René Char – Charles Cros 1842-1888 II

Portrait analogique de René Char (Victor Brauner), 1950.

Les Grands astreignants, selon René Char, sont ceux et celles qui vous contraignent à moins de médiocrité, et vous montrent la voie d’une vie plus dense et plus pure. Pour lui, Charles Cros en faisait partie.

Charles Cros (René Char)

C’est une joie de mettre un moment sa main dans celle de ce fin compagnon du crépuscule, de ce dévaleur de pentes chimériques au bas desquelles vous attend sur les lèvres d’un amour non fredonné le poème impromptu de la vaillance mélancolique. L’honnêteté de Cros, le mot qui tend à l’exprimer parfument les abords de la serre noire où se déchiquette Rimbaud. Il arrive qu’une geôle de minuit affleure en larme de sang sur le mordoré de ce regard qu’un souhaiterait longtemps tenir dans le sien pour se découvrir inspiré sans se sentir novice. Cros, c’est la glissière de la tendresse répartie sur le houblon du rempart où notre condition, dans ses meilleurs jours, nous permet d’accéder, seulement là, à mi-corps, une moitié bleue, l’autre partie mortelle.

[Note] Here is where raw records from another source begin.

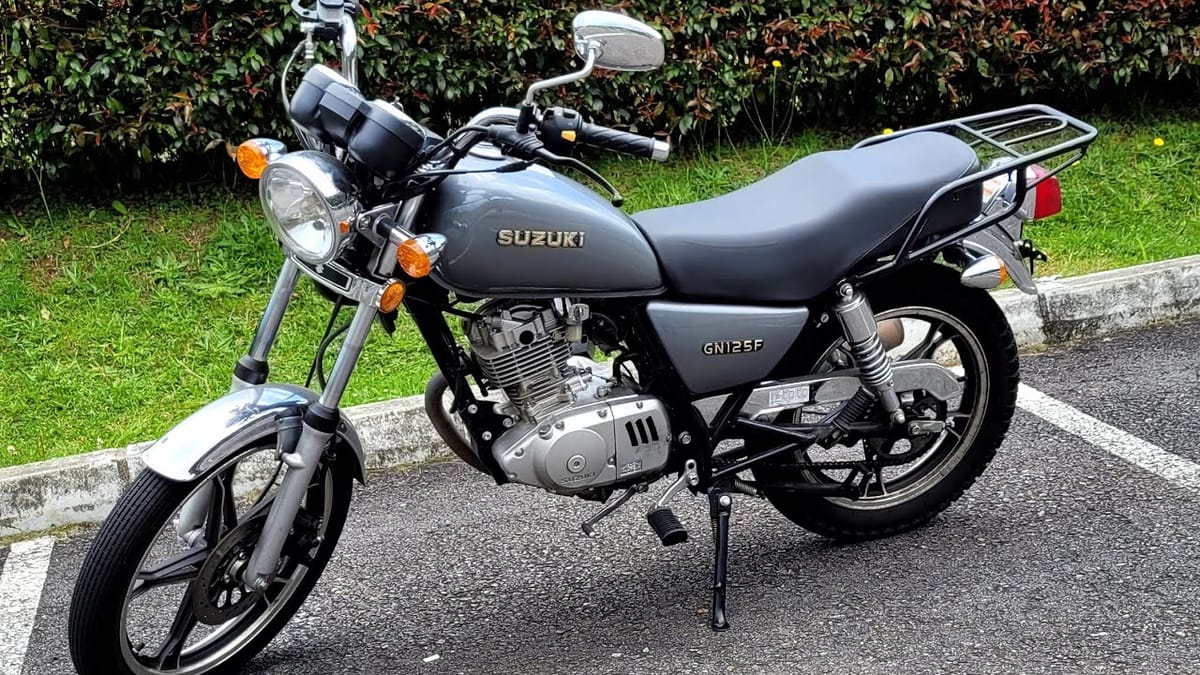 Carburador Completo Suzuki GN 125: Todo lo que Necesitás Saber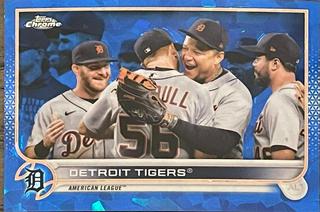Detroit Tigers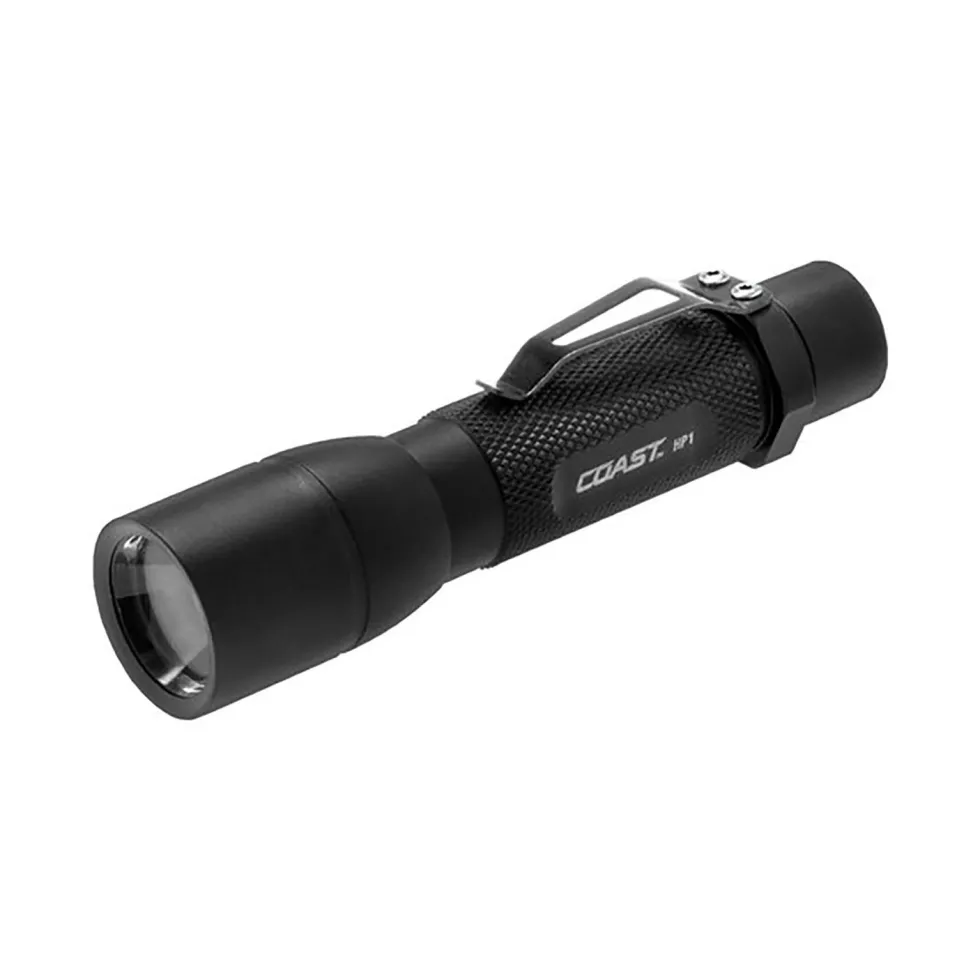 Ficklampa Coast HP1-GB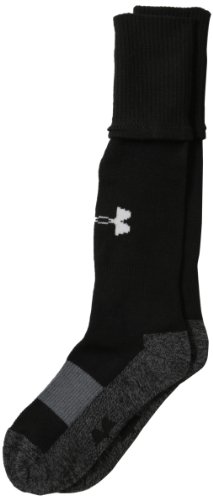 Under Armour Soccer Solid Over the Calf Youth Socks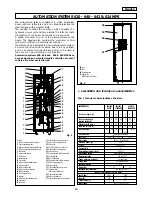 Preview for 5 page of FAAC 620 STANDARD Manual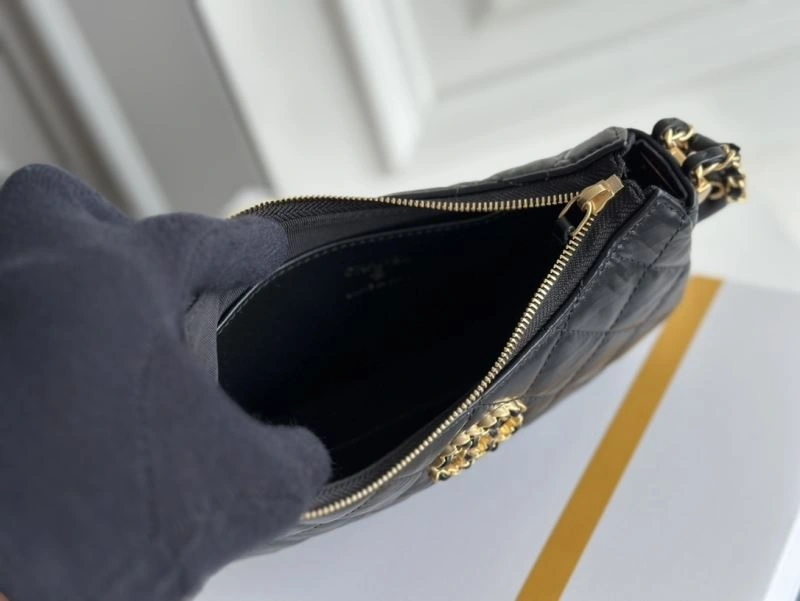 Reliable Chxnxl Top Handle Bags 28894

Recherche de la base et du sommet, Gallimard, 1971. III. Grands astreignants ou la conversation souveraine.

René Char a enregistré le poème de Charles Cros, À ma femme endormie en 1989. Il est disponible sur le CD Poèmes (Gallimard).

https://www.youtube.com/watch?v=AsHkMLwRVeU

À ma femme endormie (Charles Cros)

Tu dors en croyant que mes vers
Vont encombrer tout l’univers
De désastres et d’incendies;
Elles sont si rares pourtant
Mes chansons au soleil couchant
Et mes lointaines mélodies.

Mais si je dérange parfois
La sérénité des cieux froids,
Si des sons d’acier et de cuivre
Ou d’or, vibrent dans mes chansons,
Pardonne ces hautes façons,
C’est que je me hâte de vivre.

Et puis tu m’aimeras toujours.
Éternelles sont les amours
Dont ma mémoire est le repaire ;
Nos enfants seront de fiers gas
Qui répareront les dégâts,
Que dans ta vie a fait leur père. *

Ils dorment sans rêver à rien,
Dans le nuage aérien
Des cheveux sur leurs fines têtes ;
Et toi, près d’eux, tu dors aussi,
Ayant oublié le souci
De tout travail, de toutes dettes.

Moi je veille et je fais ces vers
Qui laisseront tout l’univers
Sans désastre et sans incendie ;
Et demain, au soleil montant
Tu souriras en écoutant
Cette tranquille mélodie.

Ce poème a paru pour la première fois, après la mort du poète, dans Vers et prose, de septembre-novembre 1907.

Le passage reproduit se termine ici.